However, if an exemption does exist for the security system data processing application, the computing device can scale the distributed computing environment for the security system data processing application in response to the resource usage of the pod exceeding a threshold and/or the exemption for the security system data processing application existing in the PostgreSQL database. Scaling the distributed computing environment can include creating a number of replicas of the pod running the security system data processing application to additionally run the security system data processing application.

As mentioned above, the exemption can be a time-based exemption so that the distributed computing environment can be scaled for a predetermined period of time. Accordingly, the distributed computing environment can be scaled for two days in order to provide sufficient computing resources for the security system data processing application during the building event, which may have a use for heightened security procedures.

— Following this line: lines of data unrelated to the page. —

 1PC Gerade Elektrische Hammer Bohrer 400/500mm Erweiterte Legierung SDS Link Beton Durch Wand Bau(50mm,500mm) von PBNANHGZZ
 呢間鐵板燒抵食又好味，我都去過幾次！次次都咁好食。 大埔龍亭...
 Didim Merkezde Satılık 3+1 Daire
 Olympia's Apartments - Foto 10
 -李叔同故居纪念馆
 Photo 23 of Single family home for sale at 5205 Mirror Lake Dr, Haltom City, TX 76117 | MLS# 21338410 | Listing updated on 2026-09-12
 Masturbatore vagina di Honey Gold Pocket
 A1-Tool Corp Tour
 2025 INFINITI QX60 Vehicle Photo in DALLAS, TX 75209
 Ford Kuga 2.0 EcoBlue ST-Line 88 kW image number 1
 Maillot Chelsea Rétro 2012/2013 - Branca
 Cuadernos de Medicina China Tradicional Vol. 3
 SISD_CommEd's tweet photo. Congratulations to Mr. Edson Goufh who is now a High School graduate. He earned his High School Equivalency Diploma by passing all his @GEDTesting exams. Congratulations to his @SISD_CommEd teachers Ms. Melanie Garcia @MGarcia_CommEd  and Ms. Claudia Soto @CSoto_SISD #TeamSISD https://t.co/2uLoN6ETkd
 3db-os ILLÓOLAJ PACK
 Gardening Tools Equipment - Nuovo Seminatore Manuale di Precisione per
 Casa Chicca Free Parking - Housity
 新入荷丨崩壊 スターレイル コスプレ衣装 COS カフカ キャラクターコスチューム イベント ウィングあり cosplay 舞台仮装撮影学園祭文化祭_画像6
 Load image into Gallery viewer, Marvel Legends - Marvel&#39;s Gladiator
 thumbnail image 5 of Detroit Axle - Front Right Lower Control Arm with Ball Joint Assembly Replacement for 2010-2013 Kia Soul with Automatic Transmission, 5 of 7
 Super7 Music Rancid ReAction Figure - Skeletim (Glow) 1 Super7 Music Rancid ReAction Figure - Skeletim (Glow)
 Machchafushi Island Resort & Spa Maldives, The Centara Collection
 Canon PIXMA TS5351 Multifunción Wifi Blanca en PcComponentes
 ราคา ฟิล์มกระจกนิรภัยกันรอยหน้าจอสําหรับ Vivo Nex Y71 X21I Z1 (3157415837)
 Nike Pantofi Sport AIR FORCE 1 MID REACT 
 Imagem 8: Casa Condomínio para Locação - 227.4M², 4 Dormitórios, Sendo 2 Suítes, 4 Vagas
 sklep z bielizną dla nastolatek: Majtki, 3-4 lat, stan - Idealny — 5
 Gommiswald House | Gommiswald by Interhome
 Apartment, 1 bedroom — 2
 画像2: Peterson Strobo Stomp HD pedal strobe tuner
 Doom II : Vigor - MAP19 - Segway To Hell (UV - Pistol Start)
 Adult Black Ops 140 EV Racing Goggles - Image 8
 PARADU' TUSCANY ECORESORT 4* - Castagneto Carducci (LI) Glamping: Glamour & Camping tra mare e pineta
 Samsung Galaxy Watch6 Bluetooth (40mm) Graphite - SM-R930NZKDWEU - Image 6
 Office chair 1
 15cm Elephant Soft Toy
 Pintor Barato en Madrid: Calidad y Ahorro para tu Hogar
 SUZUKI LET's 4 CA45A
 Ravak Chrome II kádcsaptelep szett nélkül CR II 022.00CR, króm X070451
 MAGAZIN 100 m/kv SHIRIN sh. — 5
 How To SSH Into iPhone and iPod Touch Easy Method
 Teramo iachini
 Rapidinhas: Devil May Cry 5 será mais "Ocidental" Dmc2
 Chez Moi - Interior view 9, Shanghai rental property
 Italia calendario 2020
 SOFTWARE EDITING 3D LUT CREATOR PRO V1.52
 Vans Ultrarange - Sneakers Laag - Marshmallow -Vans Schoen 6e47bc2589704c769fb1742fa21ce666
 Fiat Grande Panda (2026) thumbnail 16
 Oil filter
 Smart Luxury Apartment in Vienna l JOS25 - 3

As part of the scaling sequence, the computing device can further synchronize an annotation associated with the pod running the security system data processing application with annotation information in the PostgreSQL database. The computing device can synchronize annotations by comparing the annotation associated with the pod running the security system data processing application with the annotation information in the PostgreSQL database to determine whether any discrepancies exist. If any discrepancies do exist, the computing device can stop the scaling sequence, as any discrepancies may indicate tampering of the annotation of the pod. Further, the computing device can generate and transmit an alert if a discrepancy is detected.

Upon expiration of the predetermined period of time for the exemption, the computing device can descale the distributed computing environment by removing the number of replicas created for the security system data processing application. Accordingly, the security system data processing application can go back to running on the previously delegated computing resources in the distributed computing environment.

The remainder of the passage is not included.